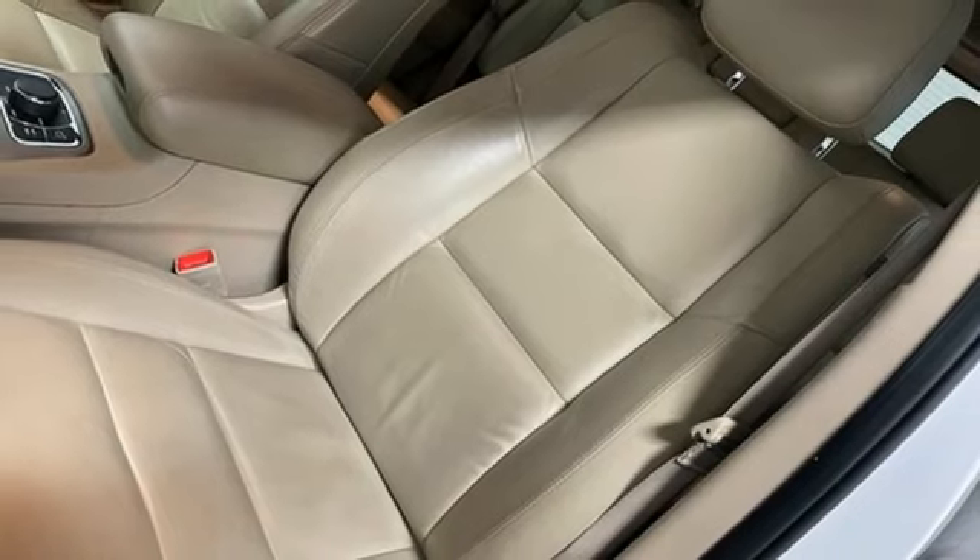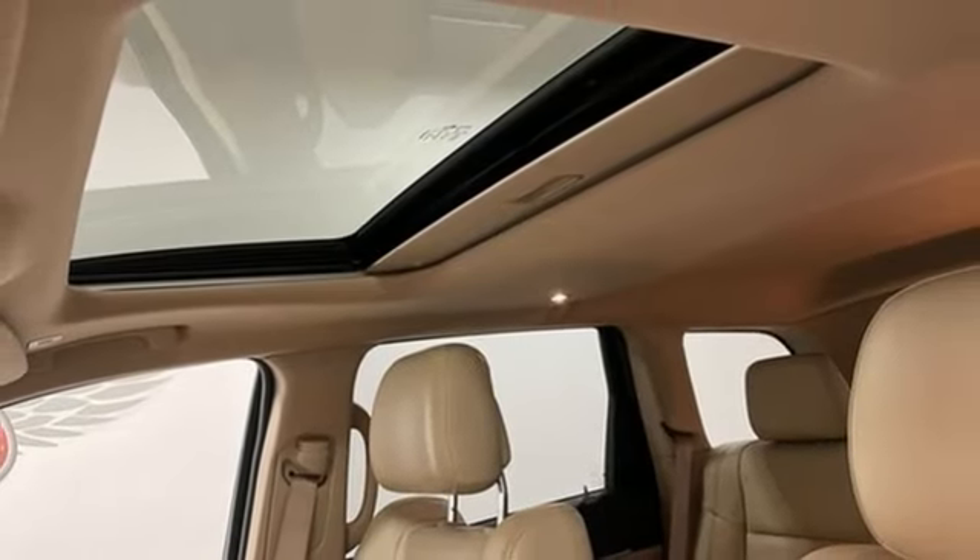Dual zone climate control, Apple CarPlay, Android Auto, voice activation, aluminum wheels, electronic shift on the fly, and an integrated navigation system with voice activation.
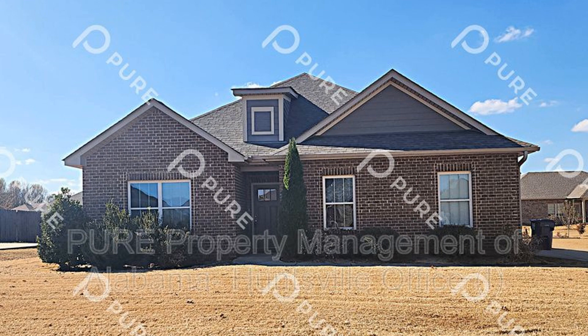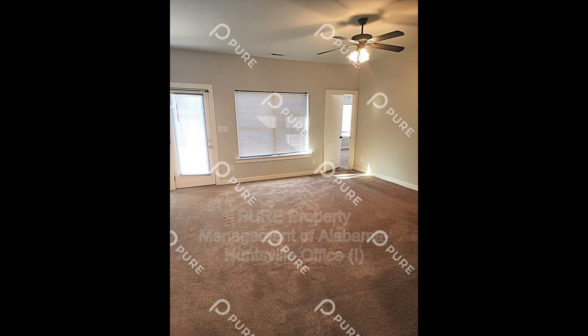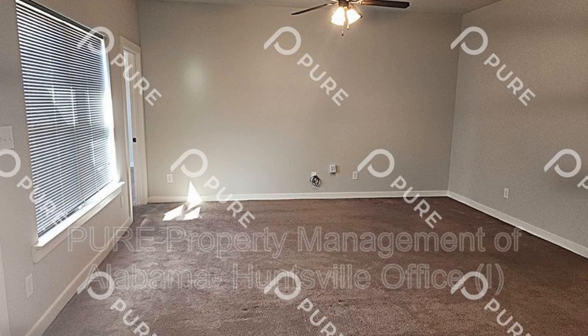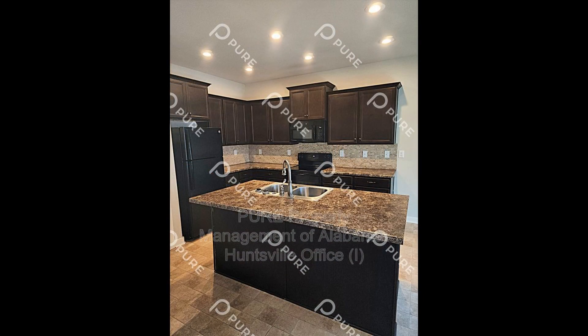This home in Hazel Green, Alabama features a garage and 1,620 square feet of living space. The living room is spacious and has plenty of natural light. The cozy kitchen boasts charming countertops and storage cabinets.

☆ ☆ ☆ ☆ ☆ ☆ ☆

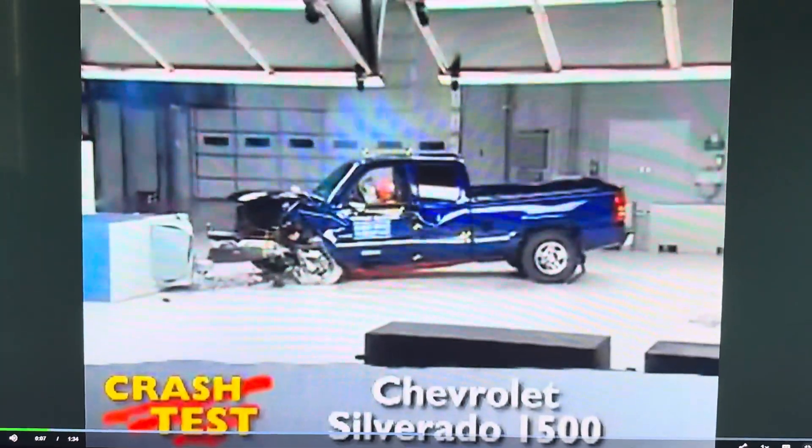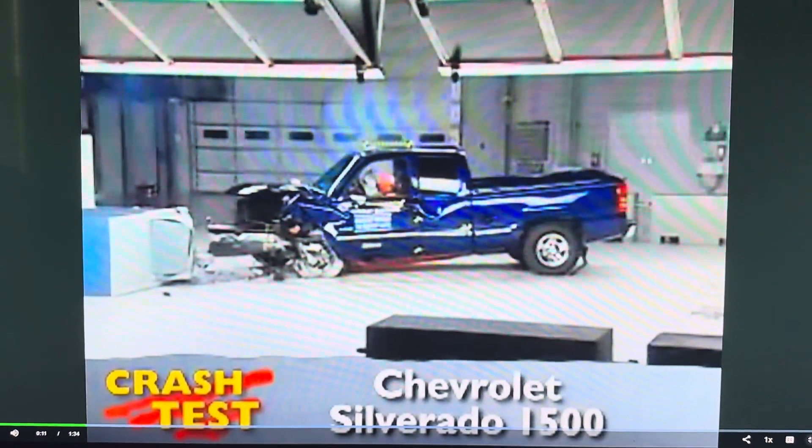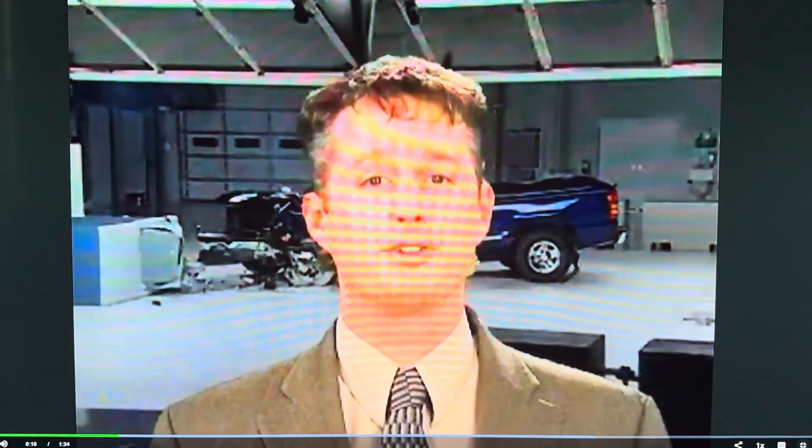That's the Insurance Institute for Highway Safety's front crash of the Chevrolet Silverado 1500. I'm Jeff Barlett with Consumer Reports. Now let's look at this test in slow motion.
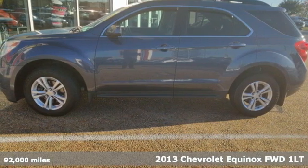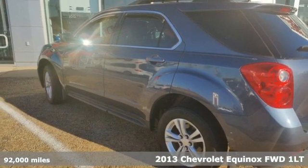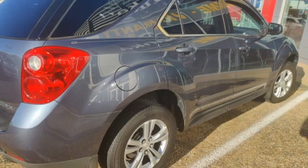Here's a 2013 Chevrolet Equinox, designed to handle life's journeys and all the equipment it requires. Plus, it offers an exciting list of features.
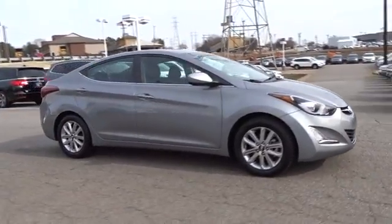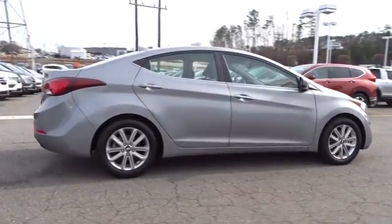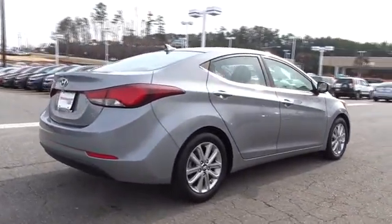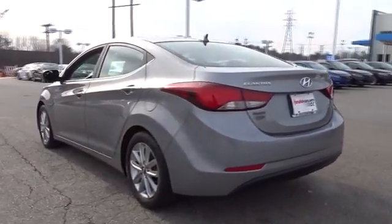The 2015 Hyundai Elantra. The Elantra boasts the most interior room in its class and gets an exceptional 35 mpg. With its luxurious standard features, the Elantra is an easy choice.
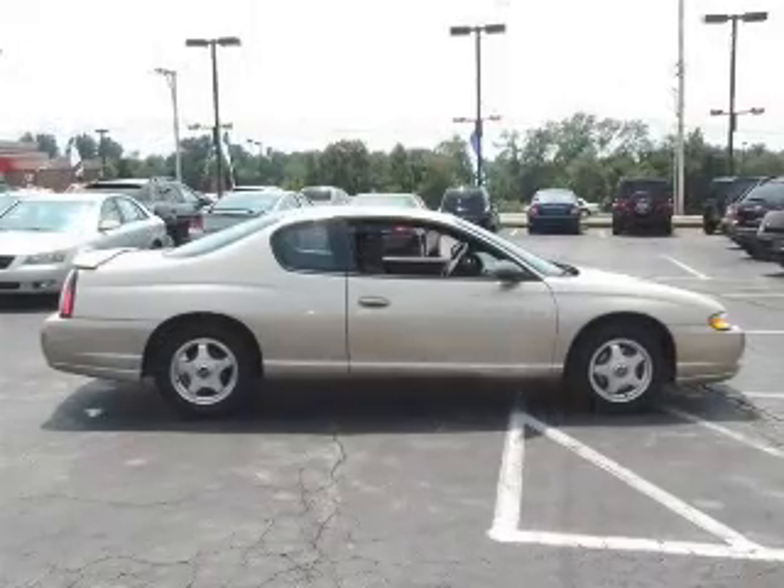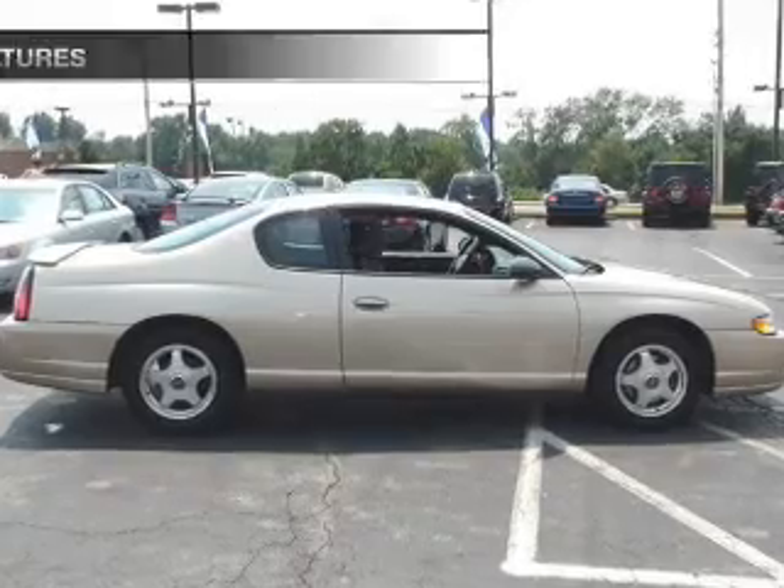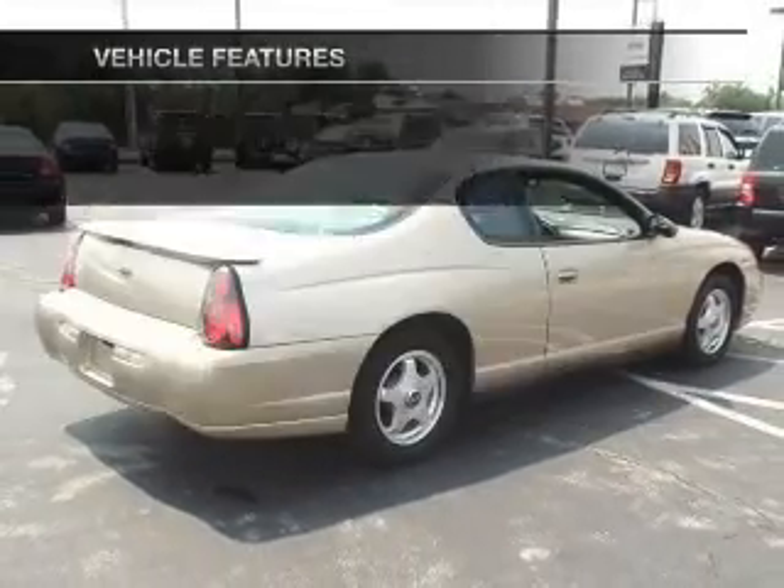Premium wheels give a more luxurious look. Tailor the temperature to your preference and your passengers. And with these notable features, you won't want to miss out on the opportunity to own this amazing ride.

☆ ☆ ☆ ☆ ☆ ☆ ☆

**Activity**: Using the entries above, transcribe exactly from the line that has "Here's a 2013" through the line that has "The 2015 Hyundai". Pictures are dropped.

**Reply**:
Here's a 2013 Chevrolet Equinox, designed to handle life's journeys and all the equipment it requires. Plus, it offers an exciting list of features.
The 2015 Hyundai Elantra. The Elantra boasts the most interior room in its class and gets an exceptional 35 mpg. With its luxurious standard features, the Elantra is an easy choice.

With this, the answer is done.